August 19, 2007
President Ruth J. Simmons
Address at Touro Synagogue on President Washington’s Letter
Brown University President Ruth J. Simmons delivered the keynote address at the 60th Annual Reading of the George Washington Letter at the nation’s oldest synagogue, Touro Synagogue in Newport, R.I., on Sunday, Aug. 19, 2007, at 1 p.m. The full text of the President’s address follows here.
I extend my heartfelt gratitude for the invitation to be present at this historic site on the occasion of the 60th reading of the letter of President George Washington “To the Hebrew Congregation in Newport.” My gratitude derives from the fact that today’s ceremony is the culmination of a period of study and reflection. The opportunity this summer to visit holy sites in Israel for the first time was a satisfying and stimulating dimension of this summer of reflection. Today’s event is yet another station in a phenomenal personal journey through history’s lessons. That journey began in my youth. Many of you know that the Jewish Diaspora is a prominent theme and reference point in African American Southern Baptist practice. Our songs, rituals and imagery are filled with the inspiring story of the flight from Egypt, the struggle for freedom from bondage, and the making of a community in exile. As a child, experiencing first-hand the strictures of segregation and discrimination in the South, I was enthralled and inspired by the example of wise and just Biblical elders who, through love, faith and a genuine concern for the plight of others, “made a way somehow.” I feel very much that the tenets that inspired the founding of this institution reached out and made a way for me.

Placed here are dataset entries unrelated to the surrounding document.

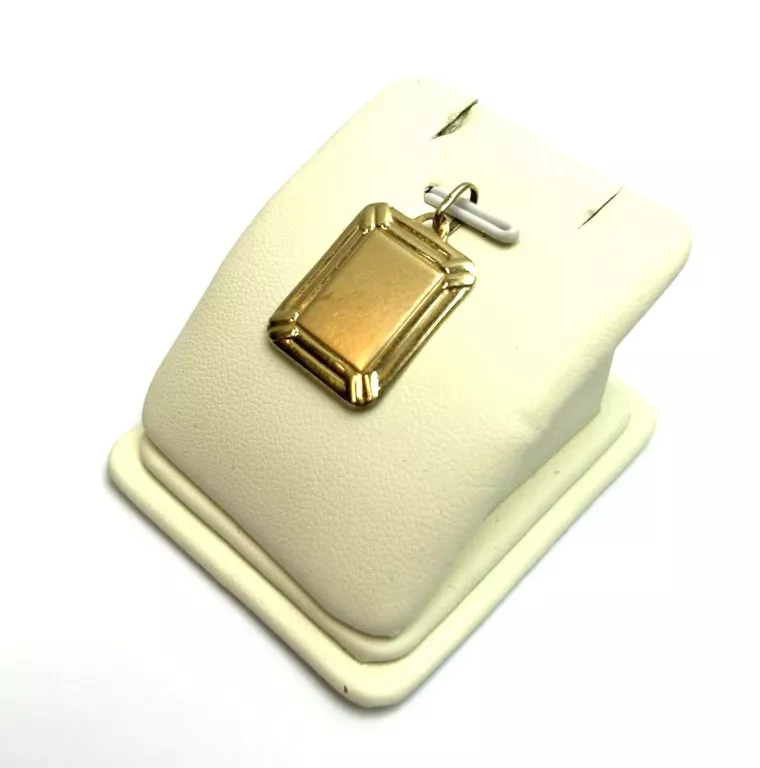 piekna-zlota-zawieszka-marka-bez-marki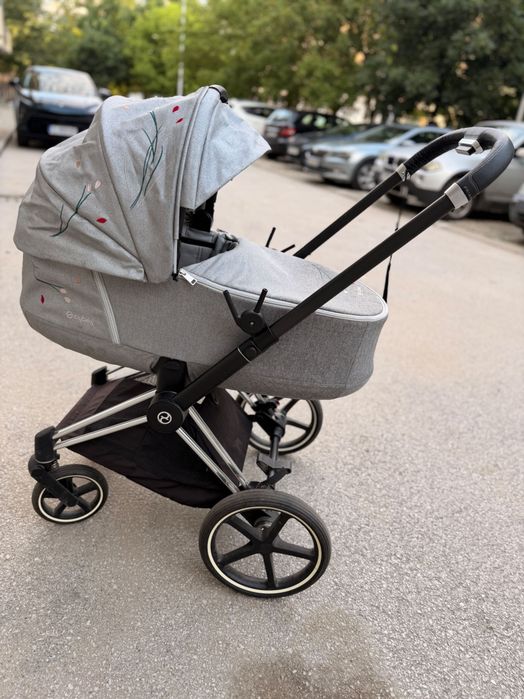 Бебешка количка Cybex Priam с бродерия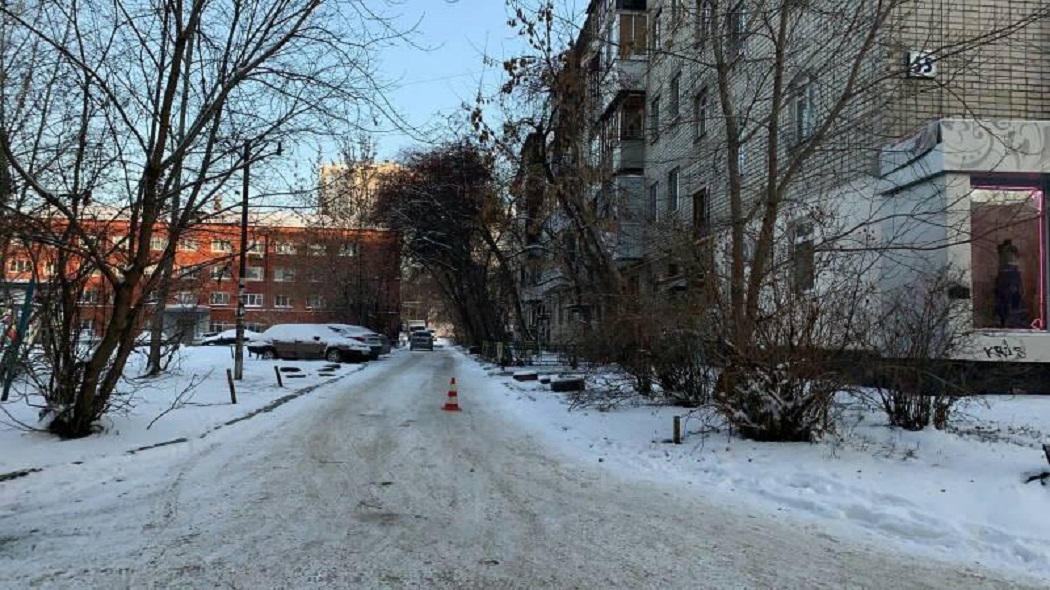 В Екатеринбурге женщина-водитель сбила мужчину во дворе дома и уехала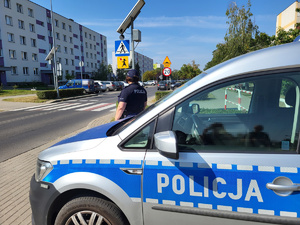 Policjantka sprawdza przejścia dla pieszych.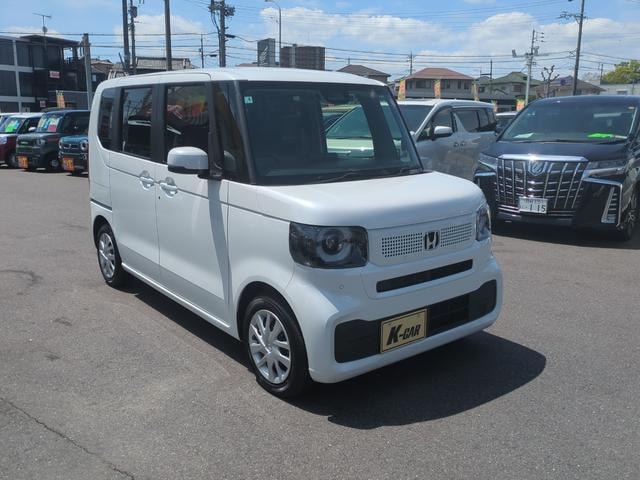 Honda N-BOX 2025 — фото автомобиля 1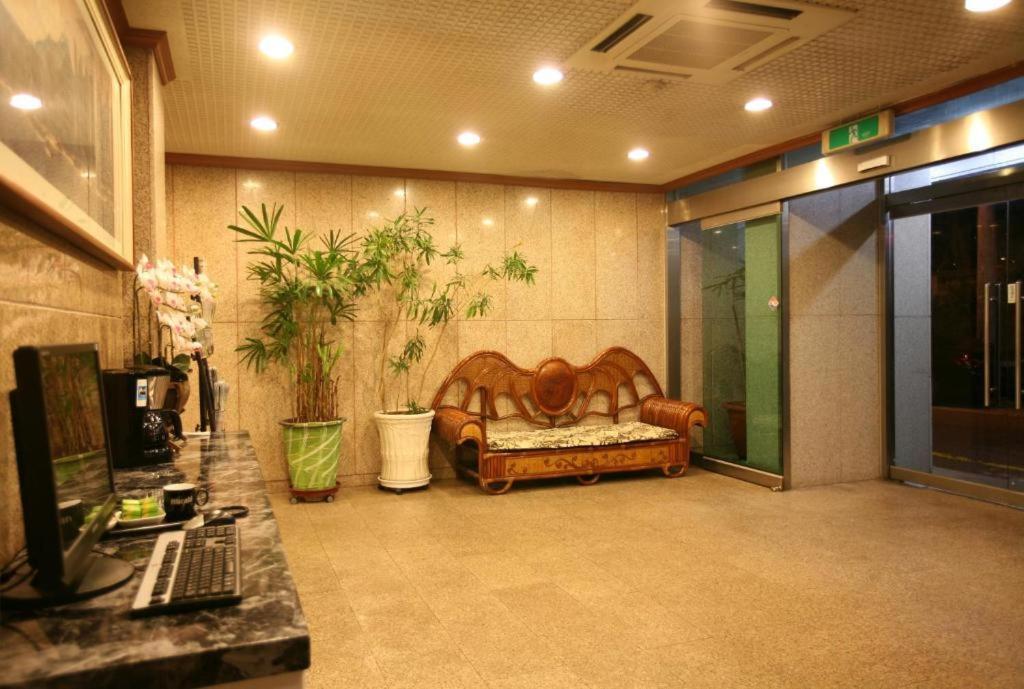 New World Hotel Yongsan ソウル特別市 エクステリア 写真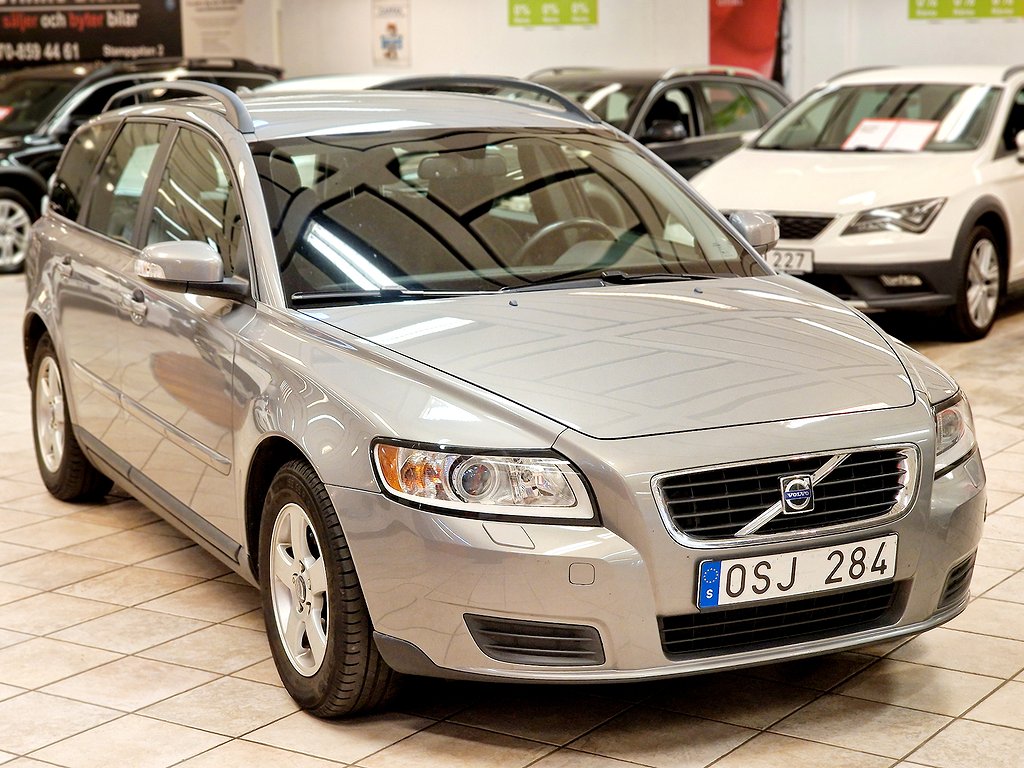 Volvo V50 1.8 Flexifuel Kinetic Drag Välvårdad Lågskatt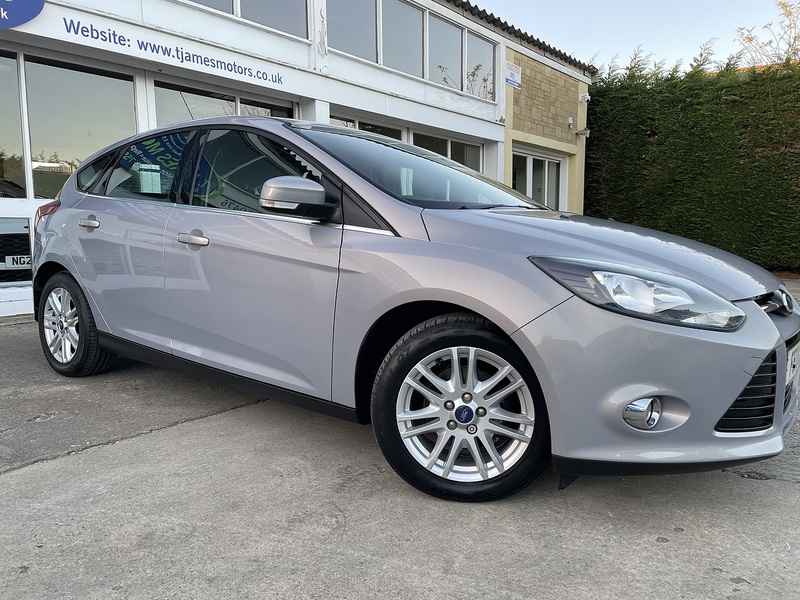 Ford 1.0T EcoBoost Titanium Hatchback 5dr Petrol Manual Euro 5 (s/s) (100 ps)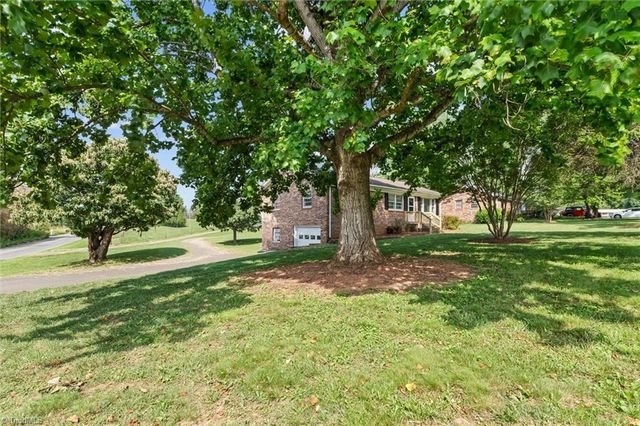 113 Jenny Lane, Pilot Mountain, NC 27041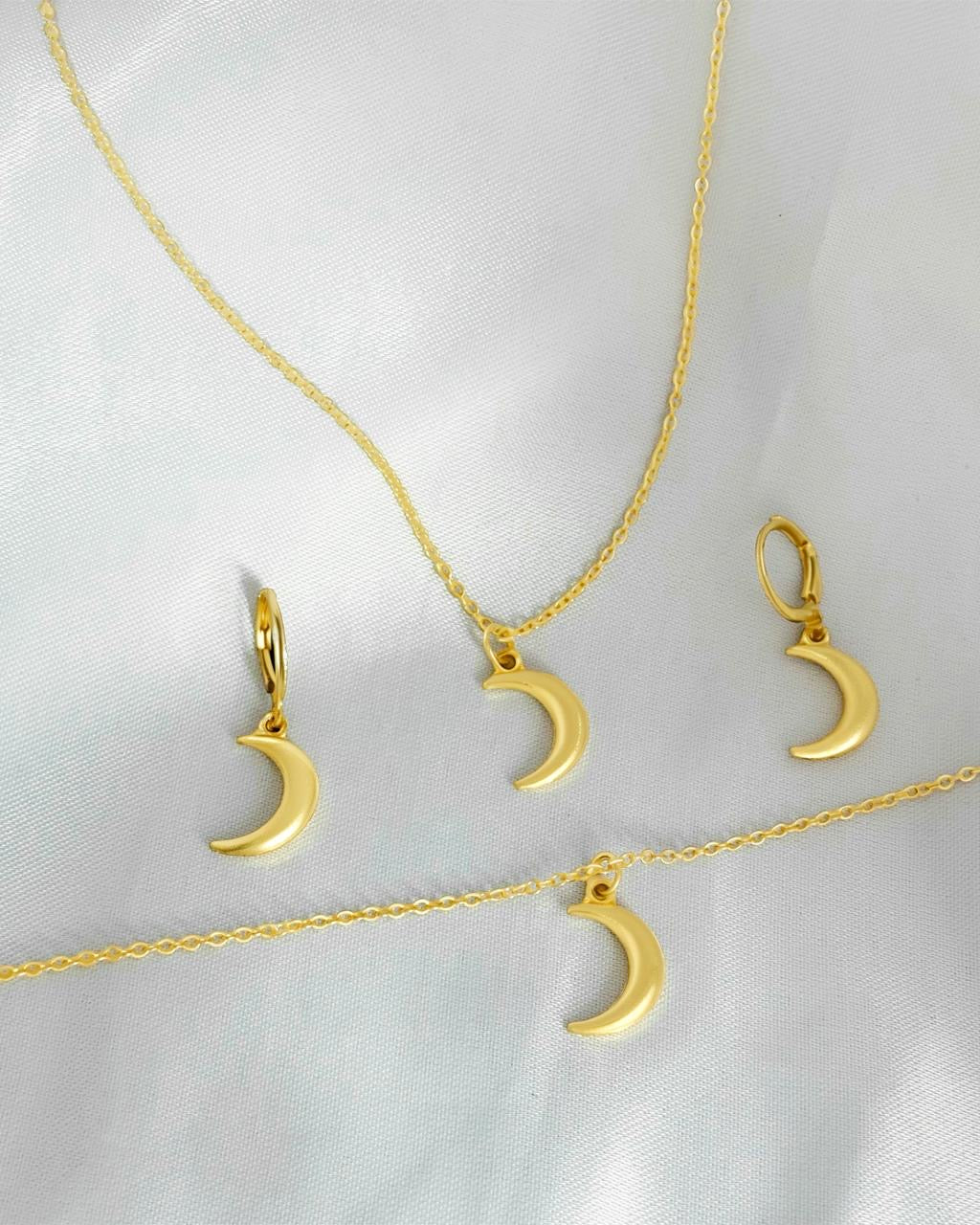Moon Pendant Set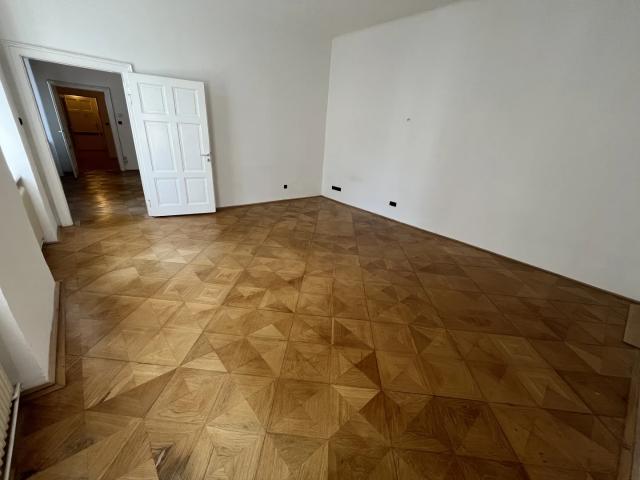 Nächst Altes AKH + Alser Straße + Innenhof + UNBEFRISTET!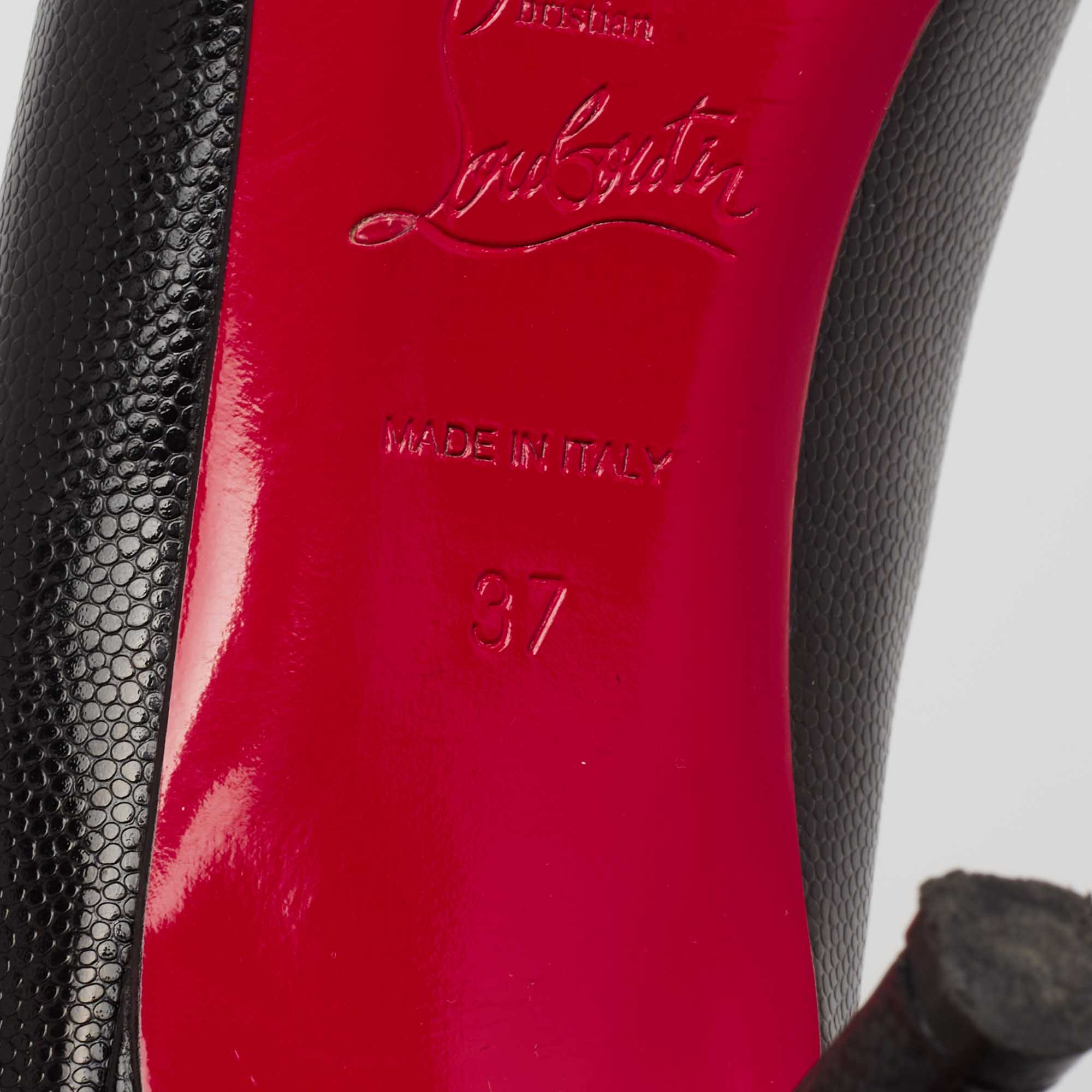Pre Owned Christian Louboutin Black Textured Leather Simple Pumps Size 37 
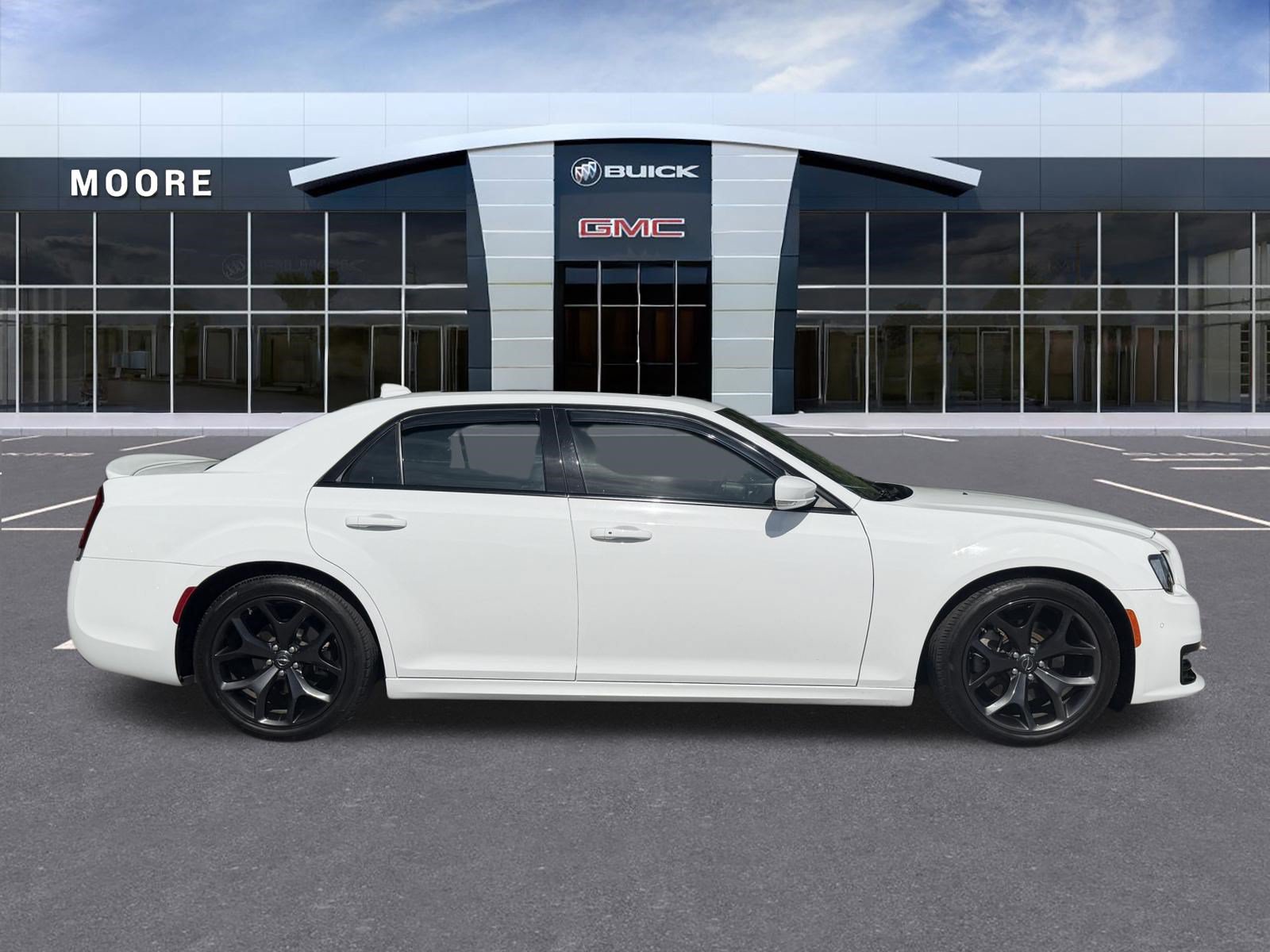 Used 2022 Chrysler 300 S RWD image 2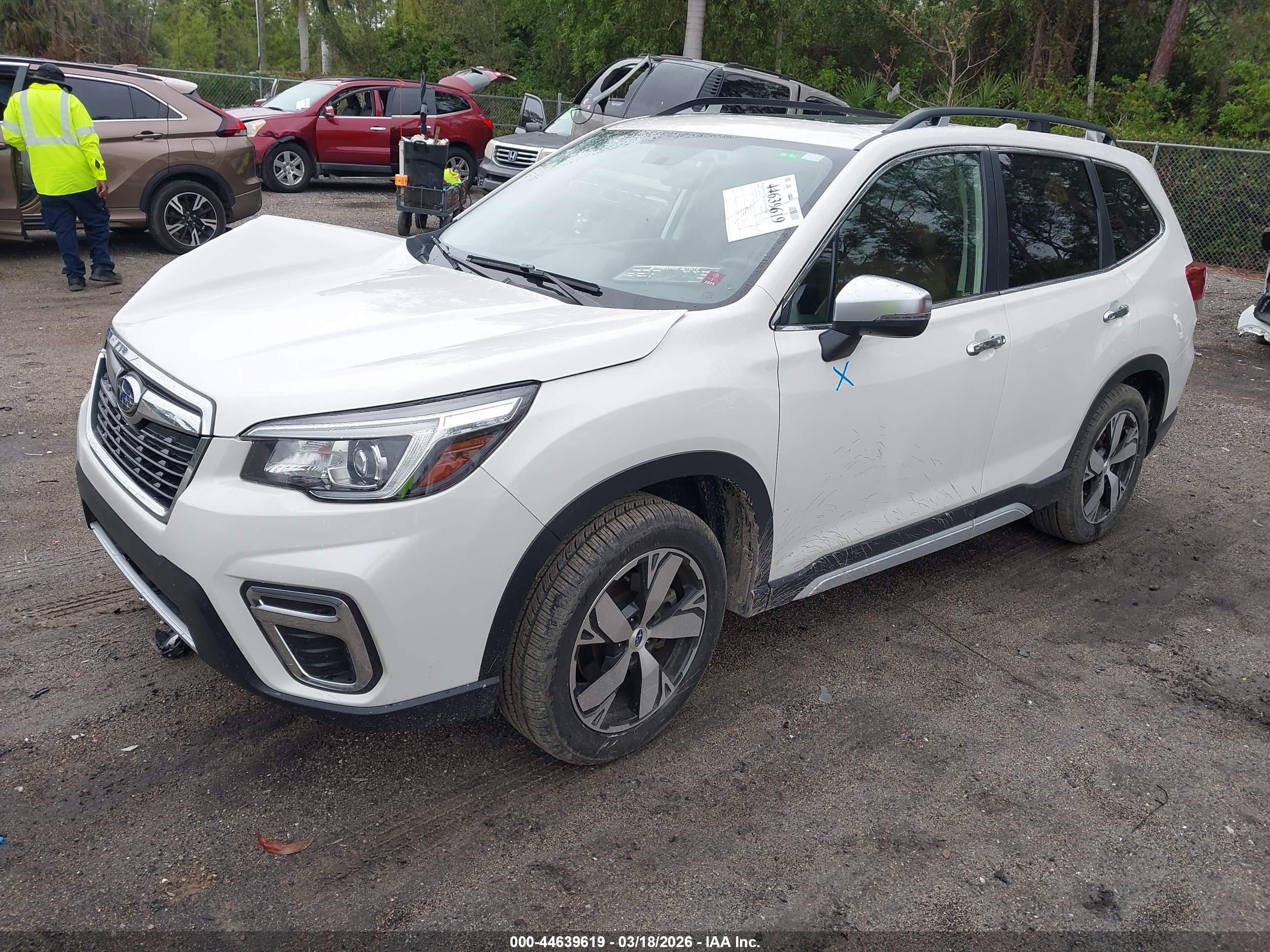 SUBARU FORESTER image 2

I am also humbled to be in the company of others who have had the privilege of speaking on this occasion. Their eminence acknowledges the importance of remembering, commemorating, and returning to the oft-linked stories of liberation and the cementing of community spirit. That the world should forget horrific events, the massive abridgement of freedom, or the toll of gross inhumanity in any sector or form, is always shocking to reasonable men and women. But, in spite of the omnipresence and perceived normalcy of these ills, citing them is an important factor in assuring our freedom as well as our humanity. Such events as this are an endorsement of the virtues and principles that long ago proved necessary in sealing and preserving that humanity. The fifteen families who founded this institution in the mid-sixteen hundreds instruct us today as they have the power to instruct every subsequent generation.
This event comes at an important moment in the history of Brown University, a moment when we at Brown are reflecting on and designing how we should acknowledge and commemorate our own history. As a university president, I take from the reading of this letter a splendid example of how our history can be more robustly brought forward to instruct students about the “common weal and woe” that we share across races, cultures, opinions and faiths. Roger Williams and Rabbi Touro, in recognizing that true freedom is impossible without the expansive care and concern for the rights of all humankind, set a powerful and enduring example for all of us today.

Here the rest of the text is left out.